Good friends, Ray Ashworth and Dr David Crease, had been handcrafting their own beers since the 60s. Fuelled by a passion for home brewing, the pair fulfilled a lifelong ambition and opened their very own brewery, and Woodforde's was born. Named after Parson James Woodforde who lived at Weston Longville an 18th Century Parson, whose diaries spoke of his love of good food and beer. As the demand for Woodforde's brews grew, so did the need for a larger space to perfect their craft. Moving from Drayton near Norwich in 1989, a group of barns and listed farm buildings were found in Woodbastwick, a beautiful village in the winding Norfolk Broads. Here they have created after extensive renovations, a state-of-the-art brewery – where they can still be found today. In May 1992, The Fur & Feather Inn opened, built within a converted row of thatched cottages just steps from the brewery doors. With visitors making their way to Woodbastwick to sample brews for themselves, The Woodforde's Brewery Shop and Visitor Centre opened in 1995. A very special, and rare, accolade for a session beer: Woodforde's Wherry, was named CAMRA ‘Supreme Champion Beer of Britain’ in 1996. And when Norfolk Nog won the same award, they found ourselves in good company – one of a ‘tiny super league’ of just four British brewers to have won the title twice over.

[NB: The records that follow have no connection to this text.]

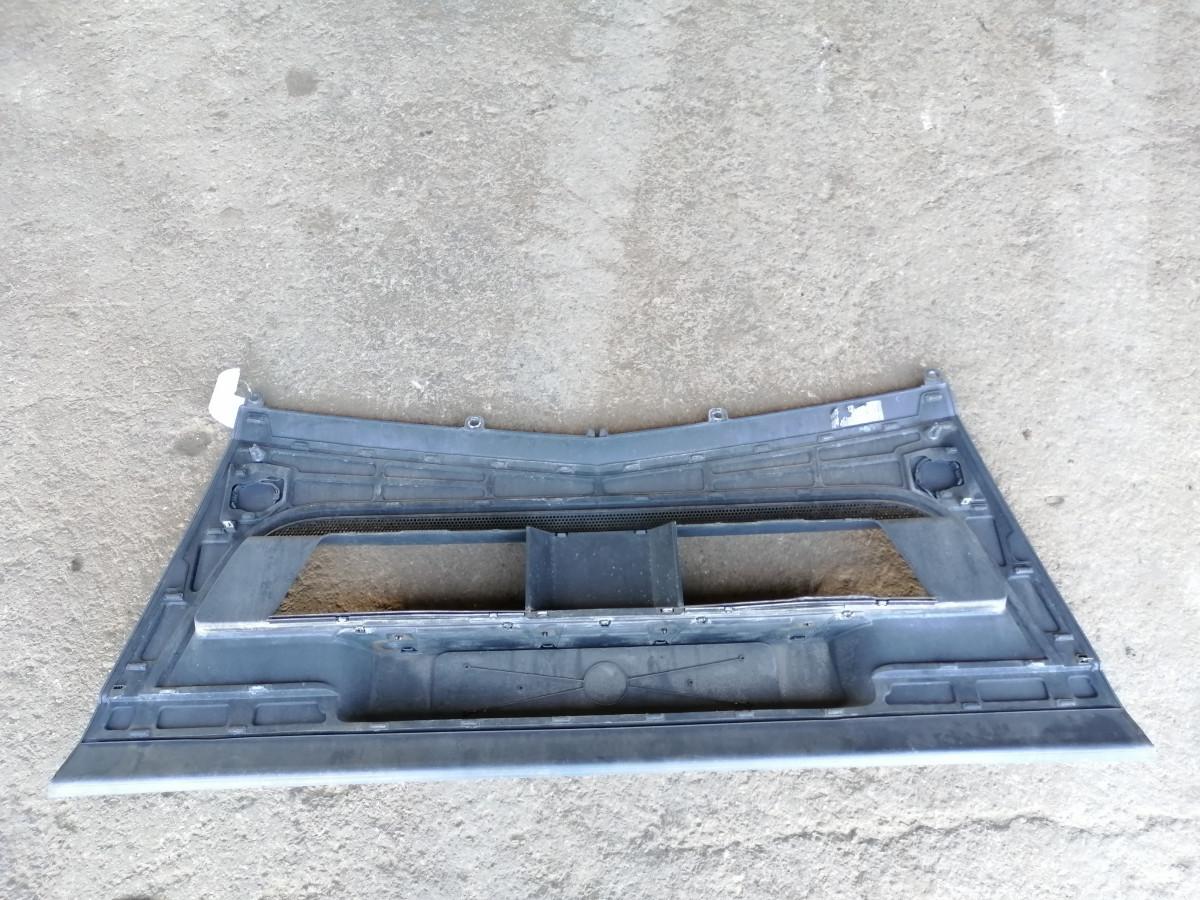 Esistange katteplastik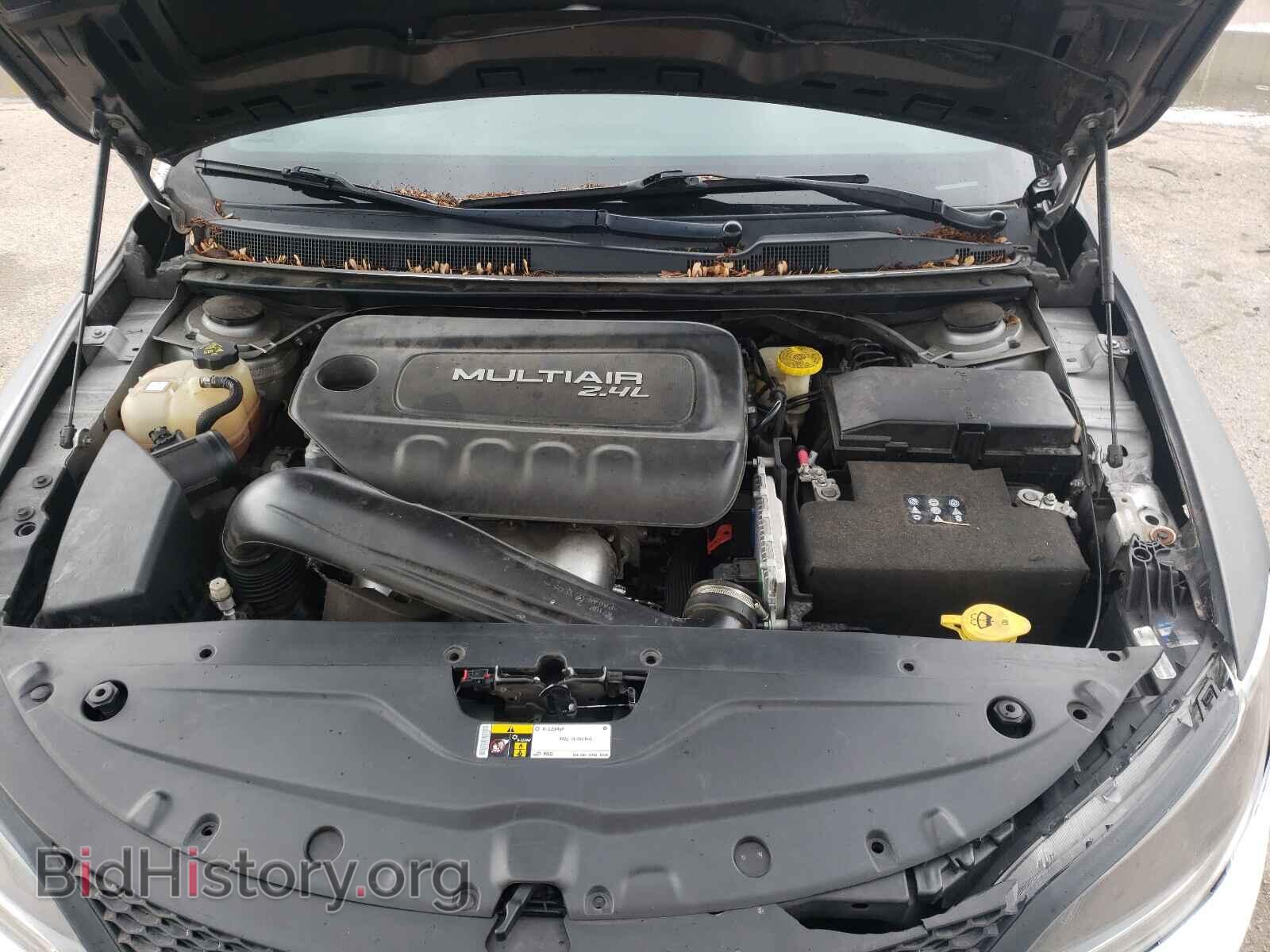 2016 CHRYSLER 200 - VIN: 1C3CCCBB5GN105400 - Фото 7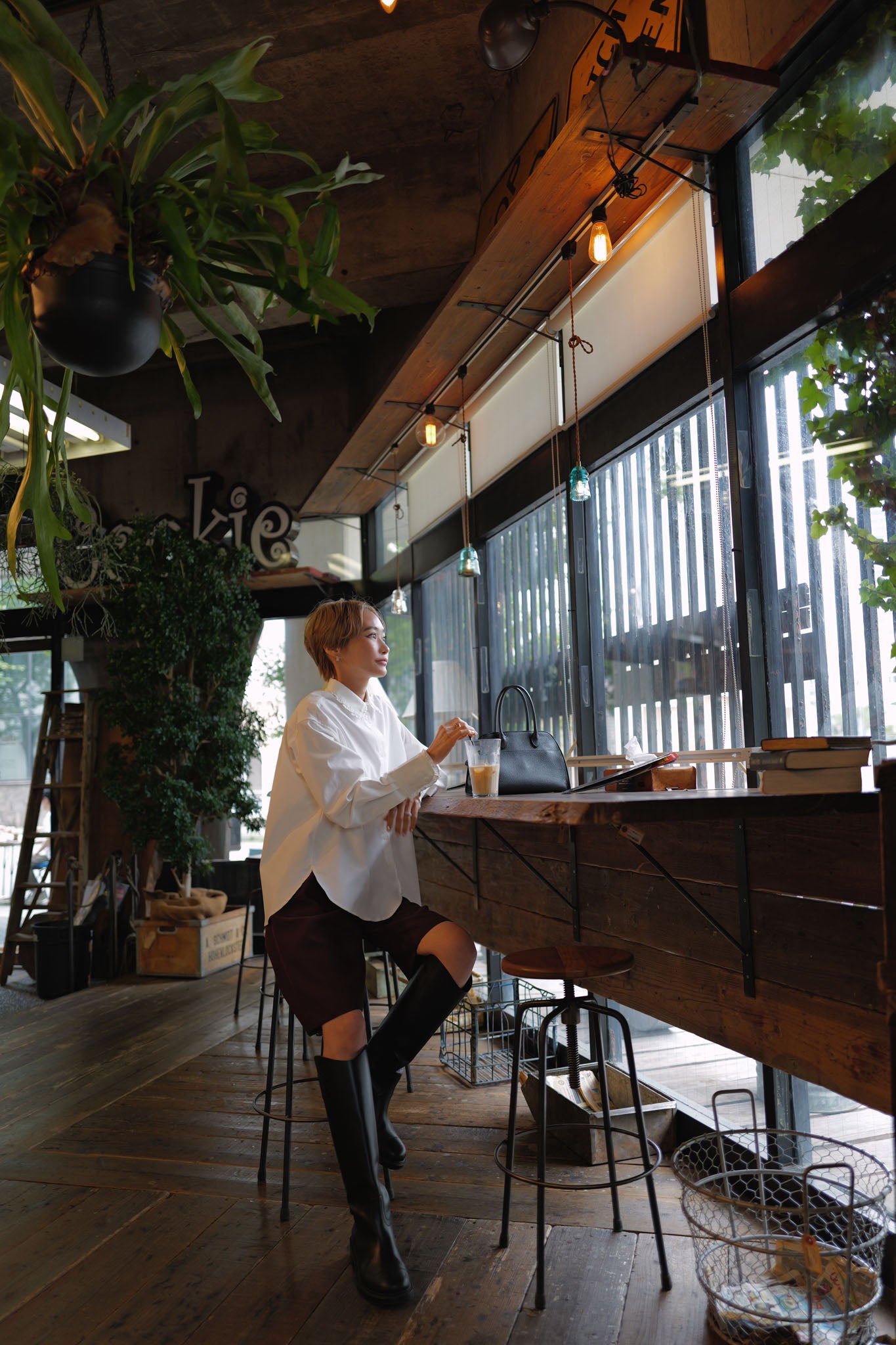フリルカラーシャツ【WHITE】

In 2007, they opened a sixty barrel capacity brewhouse as production continued to expand. Today, there are two brew houses, which run around the clock. In April 2016, the brewery announced that the business had been sold to a group of investors. With three passionate people at the helm, they set their sights on taking Woodforde's far and beyond. By the end of 2017, Woodforde's was established as the largest brewery in Norfolk, producing over 20,000 barrels every year, with beers reaching fans across the country and around the globe. A new brand was launched, celebrating their proud heritage and ambitions for the future.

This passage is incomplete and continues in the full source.